2. A fence insert according to claim 1 wherein said first material and said second material comprise different densities.
3. A fence insert according to claim 1 wherein said first material and said second material are different polymeric materials.
4. A fence insert according to claim 1 wherein said first material is a high-density polymeric material.
5. A fence insert according to claim 1 wherein said second material is a low-density polymeric material.
6. A fence insert according to claim 1 wherein said core is substantially hollow.
7. A fence insert according to claim 1 further comprising a third material connected to said outer layer, wherein said third material is different from at least one of said first material or said second material.
8. A fence insert according to claim 1 wherein said outer layer and said wing member are formed of the same material.
9. A fence insert according to claim 8 wherein said fence insert further comprises at least two lateral wing members.
10. A fence insert according to claim 9 wherein said outer layer and said wing member are differently colored.
11. A fence insert according to claim 9 wherein said wing member is formed of a material different from said outer layer.
12. A fence insert according to claim 1 where said second material comprises a UV retardant additive.
13. A fence insert according to claim 1 wherein said wing member has a generally triangular cross-section.
14. A fence insert according to claim 1 wherein said core and said outer layer are different thicknesses.
15. A fence assembly, for use in a chain link fence having a mesh, comprising:
a plurality of interlocking chain links; and
a plurality of fence inserts inserted through said chain links; each of said fence inserts comprising a substantially elongate core comprising first material, said core comprising a first face portion, a second face portion, said face portions extending generally along a major axis of said core, a first side portion and a second side portion, said side portions extending generally along a minor axis of said core, and at least one outer layer disposed substantially around said face portions of said elongate core, said outer layer comprising a second material which is different from said first material.
16. A fence assembly according to claim 15 wherein said first material and said second material have different densities.
17. A fence assembly according to claim 15, wherein said first material and said second material comprise different polymeric materials.
18. A fence assembly according to claim 15, wherein said outer layer further comprises at least one wing member.
19. A fence assembly according to claim 15, wherein said outer layer further comprises at least two wing members.
20. A fence assembly according to claim 15, further comprising at least one lateral wing member attached to said outer layer.
21. A fence assembly according to claim 15 where said second material comprises a UV retardant additive.
Description
RELATED APPLICATION

This application is a continuation-in-part of application Ser. No. 08/592,073, filed Jan. 26, 1996, which issued as U.S. Pat. No. 5,584,468 on Dec. 17, 1996.

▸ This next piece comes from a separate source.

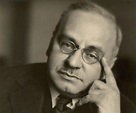 Alfred Adler Biography - Childhood, Life Achievements & Timeline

The present invention is directed to privacy inserts for chain link fences and, more particularly, to fence inserts comprising an inner core comprising a first material and an outer layer substantially surrounding the core comprising a second material.

BACKGROUND OF THE INVENTION

Chain link fences have been widely used for many years to satisfy fencing requirements. While they provide acceptable strength and durability over many years, they do not provide privacy or serve as a windbreak due to their appertured construction. Various inserts, typically referred to as "slats", have been suggested and manufactured for increasing the privacy of a chain link fence, as well as serving as a windbreak. Many early arrangements were designed to be directly connected to the wire of the fence and required clamping or bending of a metal slat onto a link of the fence.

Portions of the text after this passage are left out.